The Wagner card has been described as “The Mona Lisa of baseball cards,” and as “The Holy Grail of card collecting.” It is the subject of three books, one for adults and two for children. It was even the inspiration for a movie about Wagner, 2004’s “The Winning Season,” released in 2004.
The passion for the T206 remains one of sport’s greatest stories.
Fact and fiction
First, as with all great stories, there are some myths and misconceptions. The Wagner card is not the rarest baseball card in history. And Honus Wagner was not opposed to the use of tobacco, as legend has described. But first, the historical facts.
In 1909, the American Tobacco Company, a consortium of smaller companies like Sweet Caporal, Sovereign, Drum and Piedmont, decided that a set of baseball cards inserted into packs of cigarettes would give it a marketing edge over other brands. So they went to work creating a large and beautiful set of cards – one of the first colored sets, and one of the largest sets up to that time, at over 500 cards. The lithographic artwork process proved especially beautiful and the allure of the cards has held up over time, perhaps being strengthened by age and rarity.
Just as the cards were released, Wagner, star shortstop of the Pittsburgh Pirates and a man who would one day be one of the first five players elected to the Hall of Fame, objected to his inclusion and his card was pulled from the set. No one knows how many Wagners made it into circulation, and in fact no one knows how many exist today. Estimates range from 25 all the way up to 200.
The familiar story is that Wagner objected to the cards because he disliked being associated with tobacco. This is simply not true, as Wagner enjoyed smoking cigars and chewing tobacco – in fact, two companies issued cigar brands named after him. He lent his name to several tobacco advertisements throughout his career, and his 1948 Leaf baseball card shows him with a cheek-full of chaw and a pouch in his hand.

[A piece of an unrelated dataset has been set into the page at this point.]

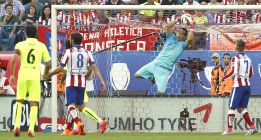 Claudio Bravo: "Queremos que sea el primero de tres títulos"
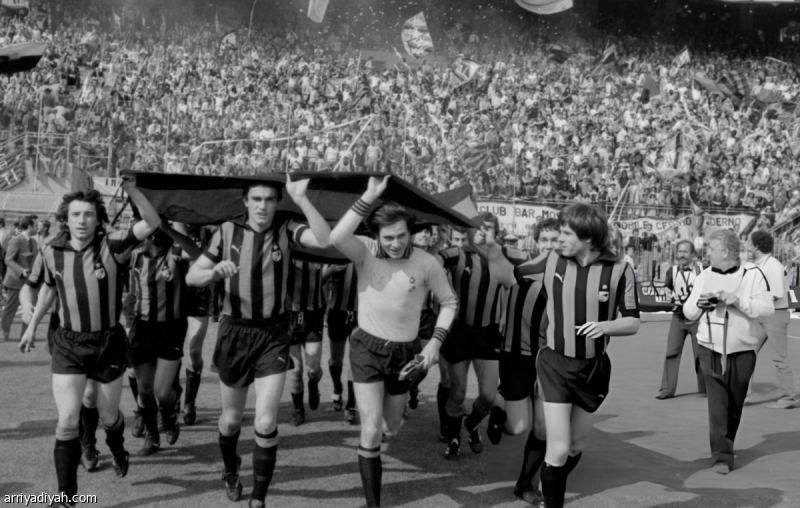 الإنتر.. عملاق ولد من رحم الانشقاق #إنتر_ميلان_بولونيا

Others think that he objected to being uncompensated for the use of his image – but this also rings untrue. The tobacco company signed players up for inclusion in the set by hiring local sportswriters to get the players to sign contracts. Wagner returned his contract to sportswriter John Gruber, along with a check for $10, writing “I don’t want my picture in cigarettes, but I don’t want you to lose $10, so I’m enclosing check for that sum.”

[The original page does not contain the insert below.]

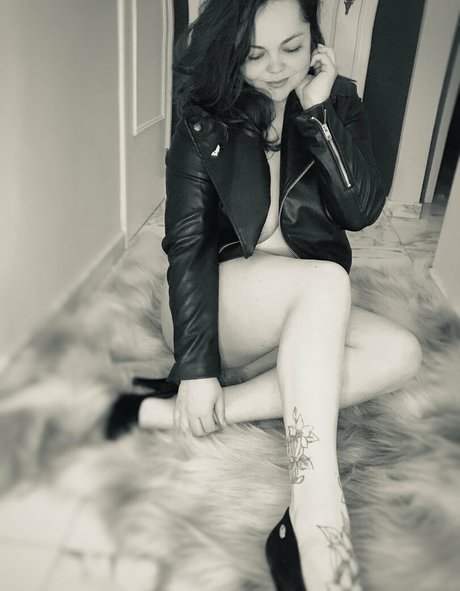 Lana_rose_lee photo 3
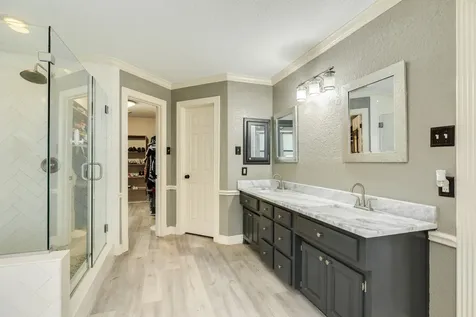 100 Van Winkle Street Lake Jackson TX 77566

If it wasn’t about the money for Wagner, perhaps he made a distinction between his endorsement and use of cigars and chewing tobacco and cigarettes themselves. Historians Dennis and Jeanne DeValeria, in their biography of Wagner, contend that cigarettes were held in low esteem compared to other forms of tobacco, and that Pirates owner Barney Dreyfuss and player/manager Fred Clarke both despised cigarettes. Furthermore, a 1910 Pennsylvania law prohibiting the sale of cigarettes to minors was in the discussion stages. However, Wagner did permit the Murad cigarette company to run newspaper ads bearing his name and likeness during the 1909 World Series.
In 1916, nearing the end of his playing career, Wagner said “Tobacco may shorten a man’s life and interfere with his baseball career but I guess it hasn’t shortened mine a great deal. I have noticed that where a player starts to quit hitting, it will shorten his career a good deal quicker than tobacco.”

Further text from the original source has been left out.